“We go out of our way to look for entrepreneurs that have developed a really unique product that’s in our space, where we feel like we’re uniquely suited to help them take their business to the next level,” he says.
Lancaster Colony has provided help to these entrepreneurs — even if it doesn’t buy them. This shows interest in them as people and some good might come out of it in the future, Ciesinski says. Plus, the company has another friend in the industry.
The entrepreneurs who sell typically become employees for four or five years. If they meet performance thresholds, they earn another big payout, which keeps interests aligned.

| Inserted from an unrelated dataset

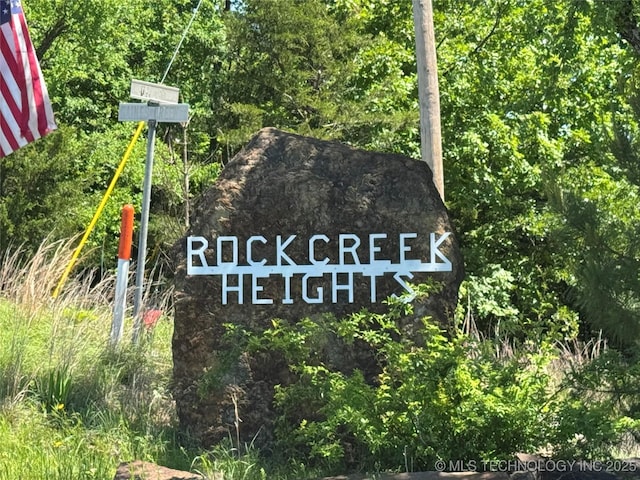 view of community sign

“Nobody can sell with passion and conviction like the founder of a company, and nobody understands their brand and their product like a founder of a company. So, we can help them. Let’s say they have a shelf-life problem. The shelf life is X days and they want to extend it. Well, we have the expertise to help them to figure out how to do that,” he says.
Lancaster Colony allows the smaller business to run autonomously.
“The food industry is littered with examples of companies that have bought brands and tried to integrate them, only to squish them,” Ciesinski says. “Somebody has said, ‘It’s a little bit like holding the bird. You don’t hold tight enough, the bird flies away. You hold too tight, you can squish it.’”
A playbook for the future
Over the past two years, Ciesinski has helped Lancaster Colony position itself for the future.
The senior management team and board started by answering big questions like, “How do you define winning?” Then, they looked both outside at where the industry was going, and inside at the company’s assets and capabilities to figure out where and how to build a strategy.
External benchmarking, for example, found that while Lancaster Colony’s topline growth was faster than its peers, its margins were in the lower quartile.
For the better part of the year that followed, the company implemented its new playbook. That meant accelerating the base business with organic growth through innovative products and then making sure those got onto the shelf. It meant simplifying the supply chain and improving margins. It meant considering add-on mergers and acquisitions to grow the base business — acquisitions like Angelic Bakehouse in 2016 or Bantam Bagels in 2018.
Lancaster Colony also implemented metrics to make sure these changes got traction, Ciesinski says. The management team used those to celebrate the wins and see where to coach because people were struggling.
The final piece, which started ithis year, was linking the incentive structures and bonus programs to Lancaster Colony’s strategy.
“For this thing to work, we needed to come together as a team,” Ciesinski says. “If we were going to make these investments, we were going to be pretty deliberate about setting priorities, and equally deliberate about agreeing on what we weren’t going to do.”
For example, on the M&A front, Lancaster Colony became more disciplined.
“We don’t know a lot about running dairies, or we don’t know a lot about, let’s say, protein operations and how to prepare meat and process it and ship it safely and everything else,” he says. “But we do know a lot about how to make dressings and dips.”